The Works of George Santayana

Author: David Spiech Page 228 of 283

Letters in Limbo ~ February 28, 1949

BrideTo Rosamond Thomas Bennett Sturgis
Via Santo Stefano Rotondo, 6
Rome. February 28, 1949

Your letter of a week ago brings unexpected news and it has taken me a few days to digest it. I see what a completely new and actively social life your marriage will open before you ….

More important than the setting is to have some idea of your future family circle. As to Mr. Little himself, being master of a House in Cambridge and being Secretary to the University are both positions of which I have no first-hand knowledge, but they suggest administrative and executive duties rather than teaching, and you don’t tell me what Mr. Little was before there were Houses at Harvard. Garrick and the 18th century sound like a specialty in English history or literature. And then of his four children, which are boys or men and which girls or women? That must make a great difference in the ease with which you can slip into your new position. I have some experience of this sort of problem, as my sister Susana had six step-children as well as a middle-aged husband with fixed habits. Anyhow, give him my compliments and congratulations; and I can understand how you too can feel a fresh glow of youth and excitement at the prospect of this new life. What I cannot sincerely congratulate you on is the procession of visitors and official functions which will demand your time and attention. But I am an old bear, and could never feel the charm of society where it went beyond real friendship or a real feast to the eye and to the gullet.

From The Letters of George Santayana:  Book Eight, 1948-1952.  Cambridge, MA: The MIT Press, 2008.
Location of manuscript: The Houghton Library, Harvard University, Cambridge MA

Letters in Limbo ~ February 27, 1951

Old GeorgeTo John Hall Wheelock
Via Santo Stefano Rotondo, 6
Rome. February 27, 1951

In clearing away an accumulation of papers in my desk, I have come upon a letter of yours about the painter Wood’s portrait of me. I had forgotten this letter, and hope I did not leave it unanswered in my preoccupied state of mind. I agree with you entirely about that portrait. It represents me as you might come upon me on a sultry day, and is painted in a realistic way, but coarsely. I much prefer the drawing by Lipinsky, which I believe has been submitted to you with the same commercial hopes. I won’t say that it looks like (although Cory says it does) but it gives an intellectual version of me that perhaps comes nearer to the reality than to the appearance. Only it makes the escape from the flesh more difficult and painful than my philosophy absolutely finds it. I am more Epicurean than that, although not piggish, perhaps, as Epicureans are supposed to be.

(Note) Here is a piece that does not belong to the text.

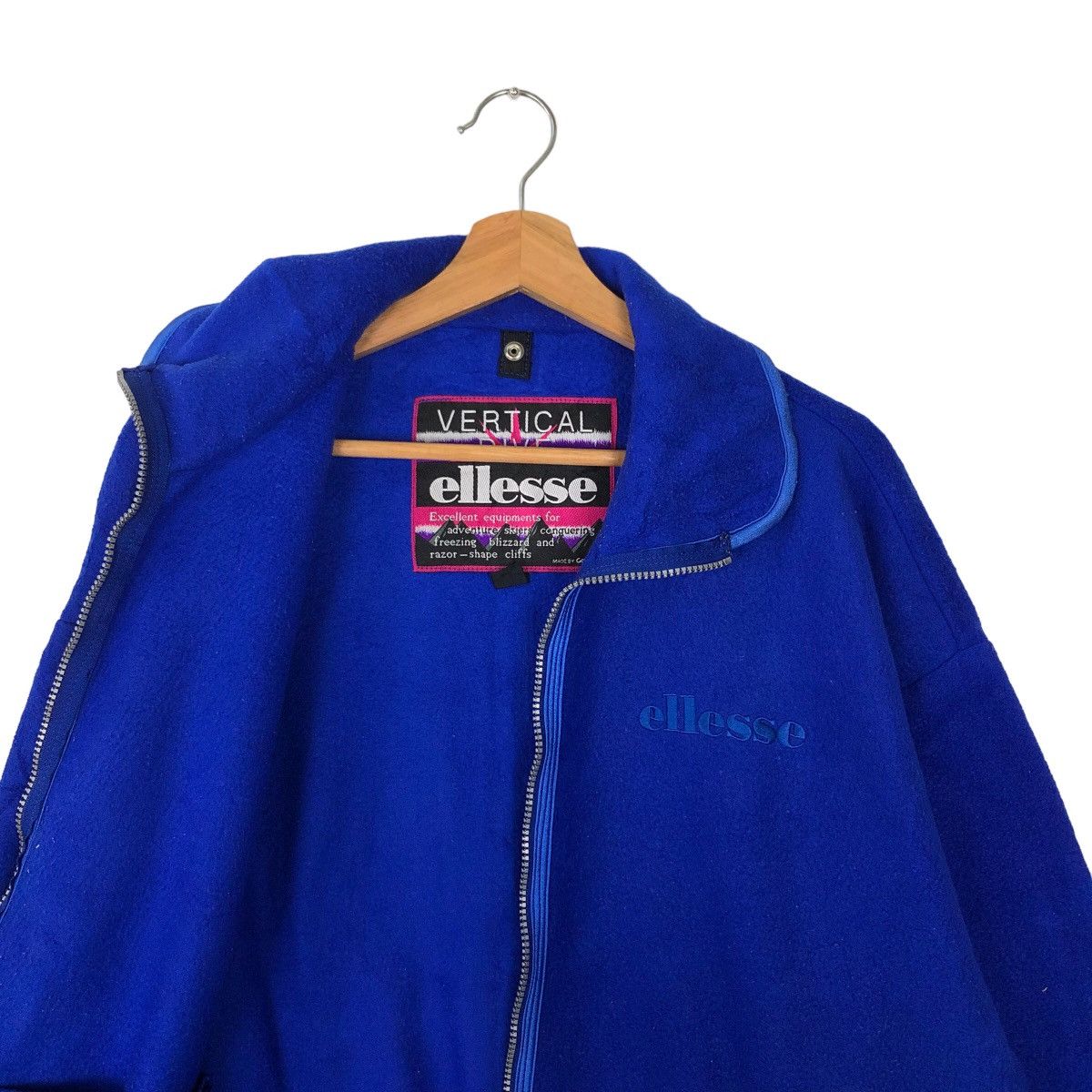 Japanese Brand VINTAGE FLEECE SHERPA JACKET ELLESSE JAPAN MADE Size US L / EU 52-54 / 3 - 9 Thumbnail
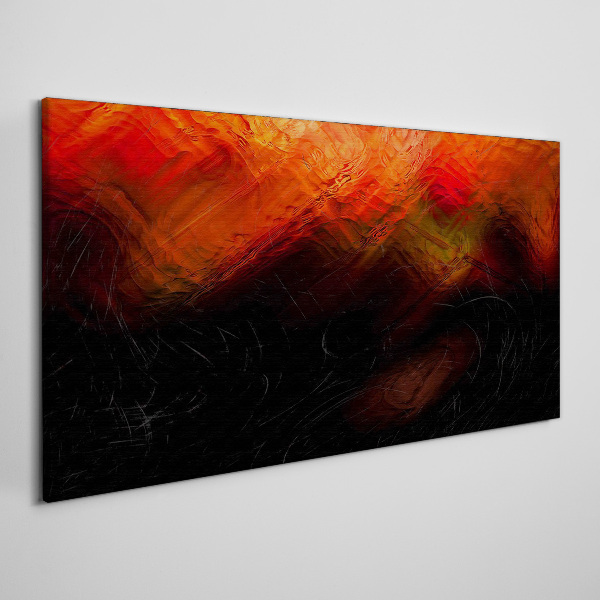Foto auf leinwand Sonnenuntergang in Flammen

Besides, spiritual things entertain me, and the quarrels men have about them seem to me needless.

From The Letters of George Santayana:  Book Eight, 1948-1952.  Cambridge, MA: The MIT Press, 2008.
Location of manuscript: Department of Rare Books and Special Collections, Princeton University Libraries, Princeton NJ

Letters in Limbo ~ February 26, 1918

MetaphysicsTo Charles Augustus Strong
22 Beaumont St.
Oxford, England. Feb. 26. 1918

Your dislike of essences seems to me very curious: I can’t attribute it to anything but a sort of traditional dread of Platonism as if it were Popery. My essences are akin to Platonic ideas, certainly: but when you say that you don’t understand the principle by which they are selected, you assimilate them to Platonic ideas just in the respect in which they are opposed to them. Essences are not selected in their own being: to select is evidently to leave something out: but what is left out must differ in character from what is chosen: therefore, it too has a character, or is an essence.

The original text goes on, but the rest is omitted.